Records drawn from a dataset
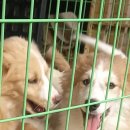 주식회사 여수와 이미지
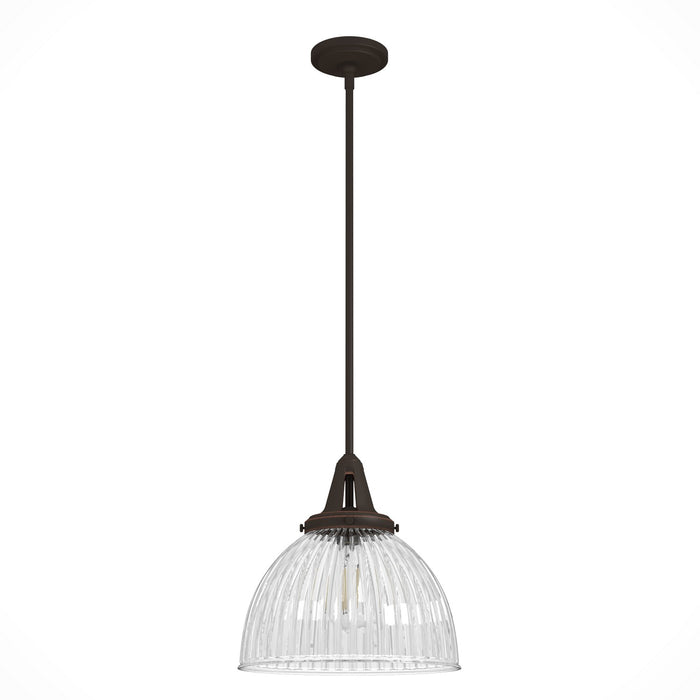 Hunter 19250 One Light Pendant, Onyx Bengal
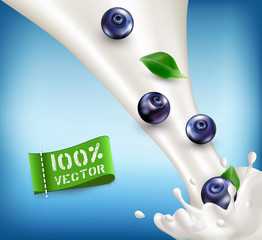Vector ripe, blueberries falling in milk. Milk splash with berries isolated on blue background. Template for advertising yogurt, for promotion of dairy products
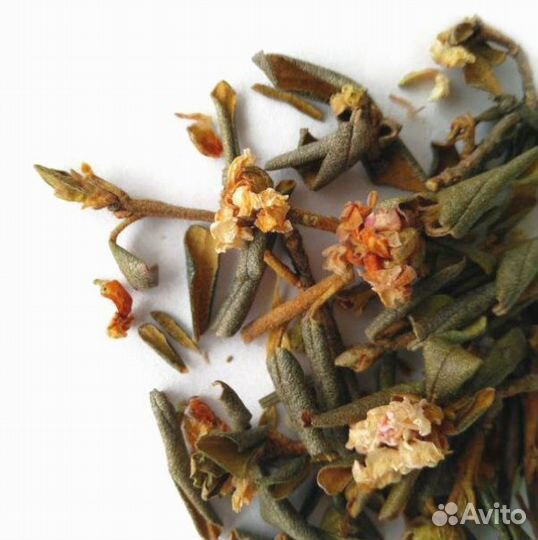 Чай Саган Дайля. Бодрость духа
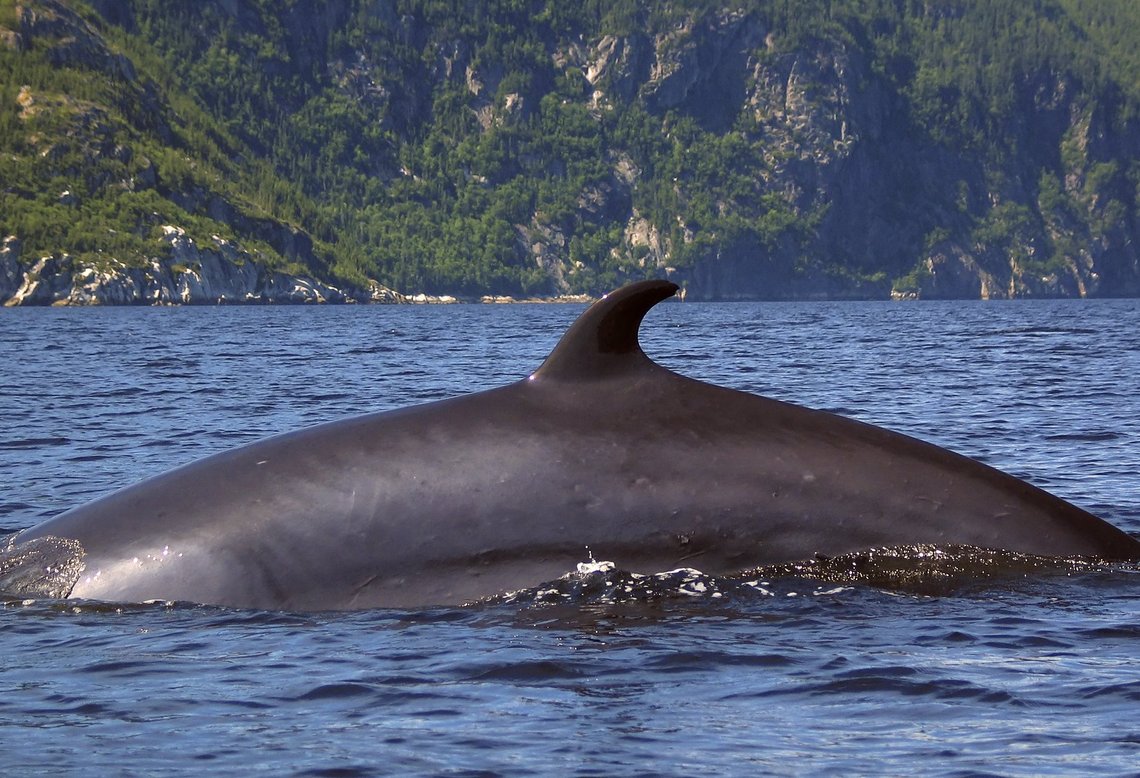 saison des baleines Tadoussac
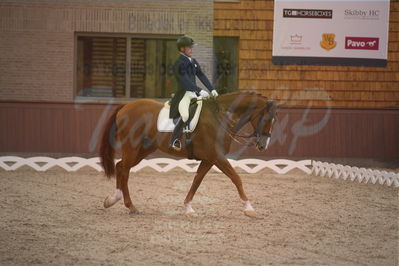 Dansk Rideforbunds Championats finaler 2019 dressur
Dansk Rideforbunds Championats finaler 2018
7 års
Nøgleord: vichy pax;joachim chr thomsen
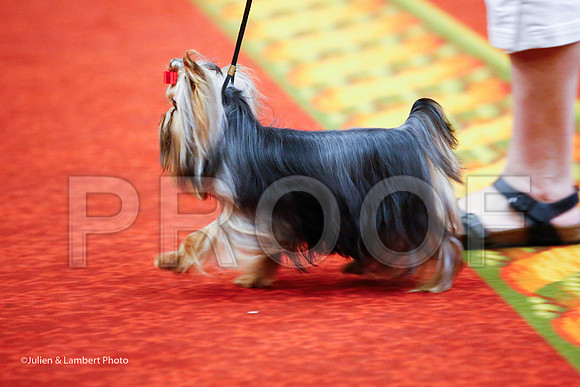 _JJ_6841-YorkieNatJul2016-HR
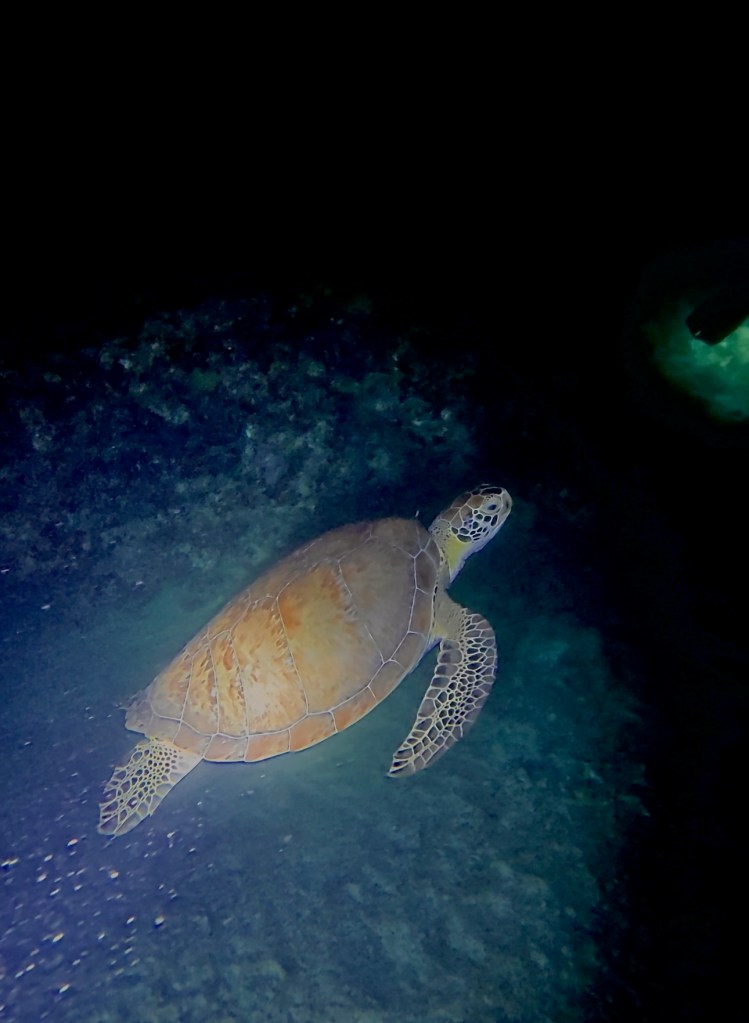 Turtle swimming underwater over a dark, rocky ocean floor.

WORK ORDER – In your copy, reproduce the data above exactly and skip every picture.

COMPLETED TASK –
 주식회사 여수와 이미지
 Hunter 19250 One Light Pendant, Onyx Bengal
Vector ripe, blueberries falling in milk. Milk splash with berries isolated on blue background. Template for advertising yogurt, for promotion of dairy products
 Чай Саган Дайля. Бодрость духа
 saison des baleines Tadoussac
 Dansk Rideforbunds Championats finaler 2019 dressur
Dansk Rideforbunds Championats finaler 2018
7 års
Nøgleord: vichy pax;joachim chr thomsen
 _JJ_6841-YorkieNatJul2016-HR
 Turtle swimming underwater over a dark, rocky ocean floor.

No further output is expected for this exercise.